● INFORMATION SHOWN:

=== Begin Enclosure ===

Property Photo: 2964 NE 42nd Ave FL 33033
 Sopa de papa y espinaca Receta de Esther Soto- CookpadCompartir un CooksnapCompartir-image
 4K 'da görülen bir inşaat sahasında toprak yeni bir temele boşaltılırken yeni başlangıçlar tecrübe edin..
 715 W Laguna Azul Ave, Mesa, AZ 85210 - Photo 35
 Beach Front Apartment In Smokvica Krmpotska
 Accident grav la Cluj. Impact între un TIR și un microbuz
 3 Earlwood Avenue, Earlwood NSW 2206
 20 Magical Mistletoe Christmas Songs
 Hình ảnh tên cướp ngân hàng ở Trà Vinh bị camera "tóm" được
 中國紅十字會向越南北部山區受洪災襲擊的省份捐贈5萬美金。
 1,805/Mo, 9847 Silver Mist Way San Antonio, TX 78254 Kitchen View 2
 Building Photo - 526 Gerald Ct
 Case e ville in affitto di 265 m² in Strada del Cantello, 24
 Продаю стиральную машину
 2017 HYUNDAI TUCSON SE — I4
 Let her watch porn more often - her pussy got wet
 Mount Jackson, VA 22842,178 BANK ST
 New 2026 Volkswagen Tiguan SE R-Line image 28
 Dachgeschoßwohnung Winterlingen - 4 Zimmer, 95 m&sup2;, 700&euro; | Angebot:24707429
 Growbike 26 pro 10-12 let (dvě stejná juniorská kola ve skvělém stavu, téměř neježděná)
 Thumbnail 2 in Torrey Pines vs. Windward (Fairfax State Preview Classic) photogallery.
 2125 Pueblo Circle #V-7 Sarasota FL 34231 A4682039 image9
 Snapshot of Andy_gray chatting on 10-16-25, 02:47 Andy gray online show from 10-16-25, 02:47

=== End Enclosure ===

● TASK DIRECTIONS: Set down the whole listing again, exactly as it was given.

● SOLUTION TO THIS EXERCISE:
Property Photo: 2964 NE 42nd Ave FL 33033
 Sopa de papa y espinaca Receta de Esther Soto- CookpadCompartir un CooksnapCompartir-image
 4K 'da görülen bir inşaat sahasında toprak yeni bir temele boşaltılırken yeni başlangıçlar tecrübe edin..
 715 W Laguna Azul Ave, Mesa, AZ 85210 - Photo 35
 Beach Front Apartment In Smokvica Krmpotska
 Accident grav la Cluj. Impact între un TIR și un microbuz
 3 Earlwood Avenue, Earlwood NSW 2206
 20 Magical Mistletoe Christmas Songs
 Hình ảnh tên cướp ngân hàng ở Trà Vinh bị camera "tóm" được
 中國紅十字會向越南北部山區受洪災襲擊的省份捐贈5萬美金。
 1,805/Mo, 9847 Silver Mist Way San Antonio, TX 78254 Kitchen View 2
 Building Photo - 526 Gerald Ct
 Case e ville in affitto di 265 m² in Strada del Cantello, 24
 Продаю стиральную машину
 2017 HYUNDAI TUCSON SE — I4
 Let her watch porn more often - her pussy got wet
 Mount Jackson, VA 22842,178 BANK ST
 New 2026 Volkswagen Tiguan SE R-Line image 28
 Dachgeschoßwohnung Winterlingen - 4 Zimmer, 95 m&sup2;, 700&euro; | Angebot:24707429
 Growbike 26 pro 10-12 let (dvě stejná juniorská kola ve skvělém stavu, téměř neježděná)
 Thumbnail 2 in Torrey Pines vs. Windward (Fairfax State Preview Classic) photogallery.
 2125 Pueblo Circle #V-7 Sarasota FL 34231 A4682039 image9
 Snapshot of Andy_gray chatting on 10-16-25, 02:47 Andy gray online show from 10-16-25, 02:47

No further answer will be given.